Debo decir que ya conocía esta estafa, hace algún tiempo le sucedió a un buen amigo que me pidió, por favor, que fuese a socorrerlo porque, para más inri, la pantalla con las acusaciones le había salido en el ordenador de su novia que él estaba manejando en esos momentos.

 Había que vernos a los dos, sin haber hecho nada, ni ser culpables de otra cosa que de haberle visto el culo a bastantes señoritas y de alguna infructuosa búsqueda de Elsa Pataki en la coyunda, zascandileando en el modo seguro de Windows para crear otro usuario que fuese inocente y que pudiese desbaratar aquella inquisición cibernética.
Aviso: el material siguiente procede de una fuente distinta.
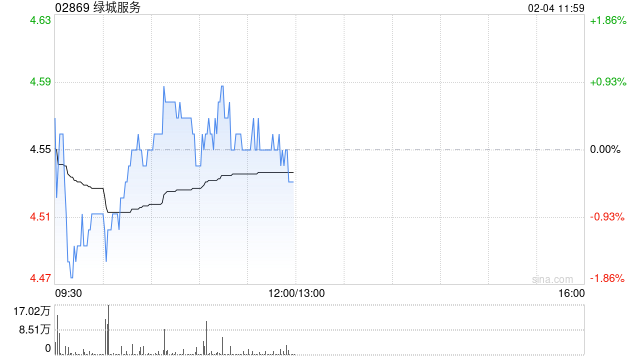 美银证券：升级绿城服务至“买入” 料可抵御行业定价压力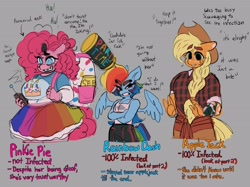 Size: 4096x3070 | Tagged: safe, artist:sadsatanlsdd, imported from derpibooru, applejack, pinkie pie, rainbow dash, anthro, earth pony, pegasus, applejack's hat, backpack, bandage, braces, breasts, busty pinkie pie, clothes, cowboy hat, eyebrows, eyebrows visible through hair, female, hat, infected, mlp infection, paranoid, remote control, shirt, singlet, this will end in death, this will end in tears, this will end in tears and/or death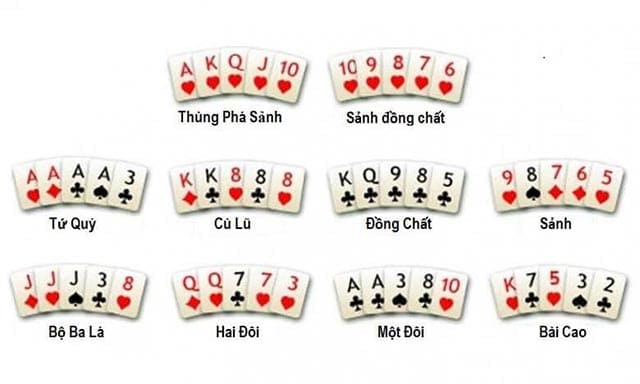 Các bước chơi bài Poker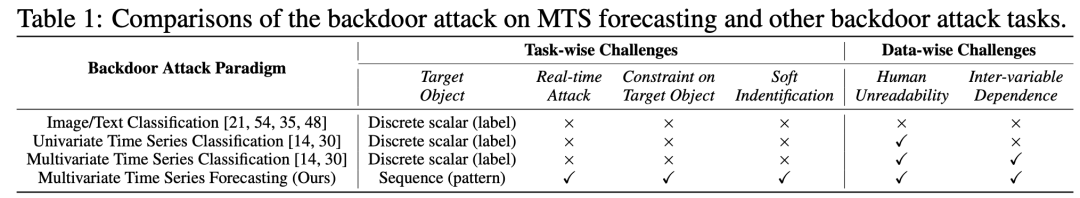 NeurIPS 2024 Spotlight | 如何操纵时间序列预测结果？BackTime：全新的时间序列后门攻击范式插图2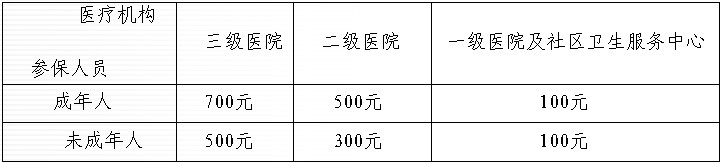 居民醫療保險住院和門診特殊病種的起付標準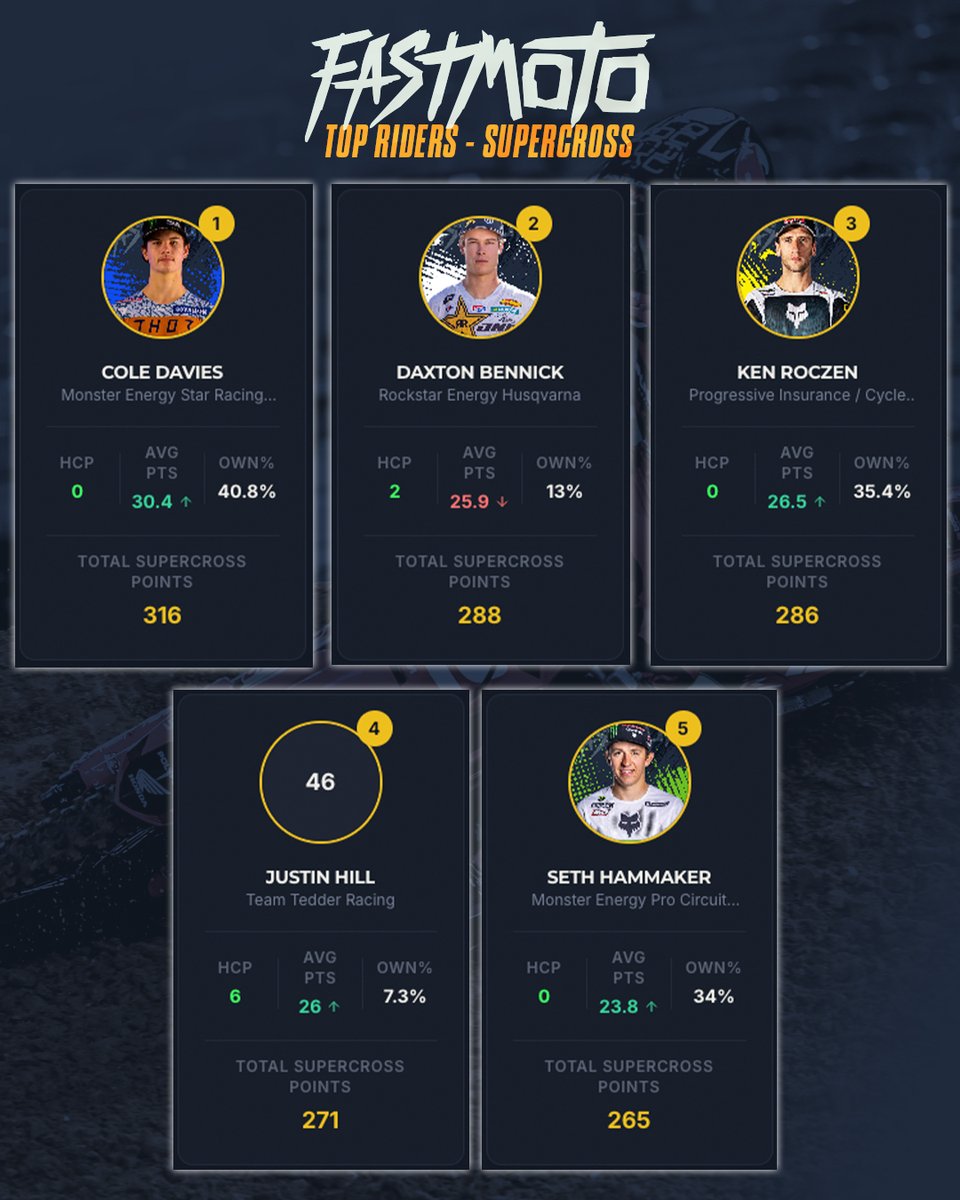 There’s been some changes in the total points leaders coming into Philly this weekend!

Cole Davies leading the way and Justin Hill jumping into the top 5. Who’s on your FastMoto team this weekend?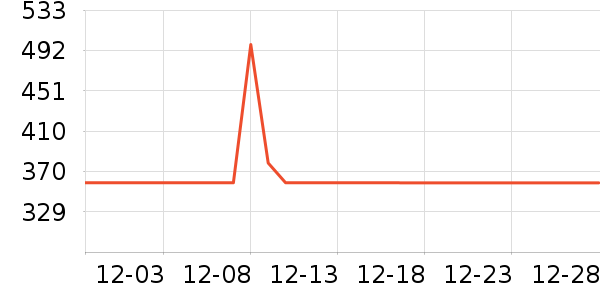 С̽�ռҶ�ͯ���г���ʷ�۸�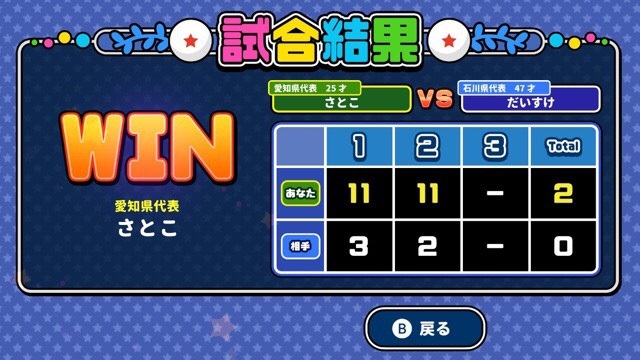 f:id:sat-box:20190404165931j:plain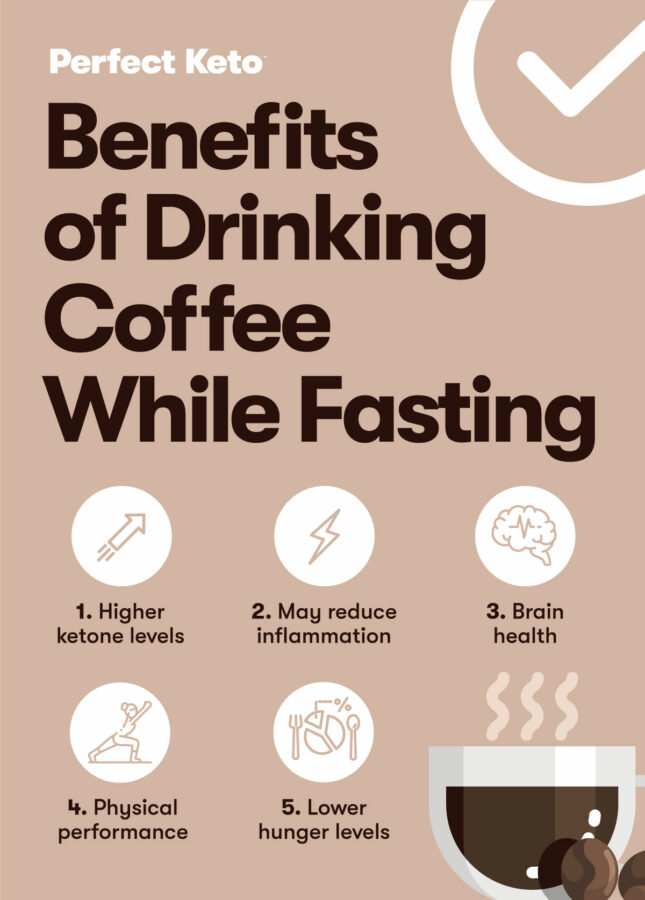 Can You Drink Black Coffee While Fasting: The Definitive Guide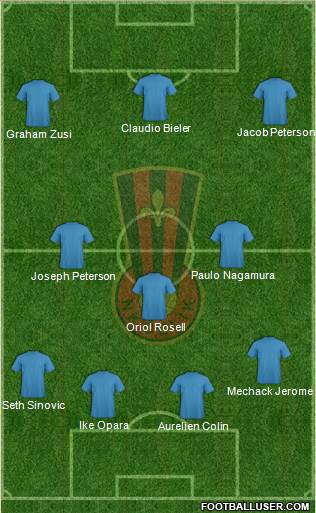 NK Celik Zenica Formation 2013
Lo más llamativo – y lo más doloroso- era esa convicción de mi amigo: “Algo habré hecho”. Quizá alguna de esas protuberantes mozas no tuviese dieciocho años, o a lo mejor mi interés por el mundo árabe, por las causas de esta larvada guerra de guerrillas en la que vivimos, o mi curiosidad por descifrar las causas de que existan tantas personas que no quieren ser españoles. No sé, decía sulfurado mi amigo, medio en broma y medio en serio,  puestos a investigarme seguro que merezco la mazmorra, el paredón o el destierro.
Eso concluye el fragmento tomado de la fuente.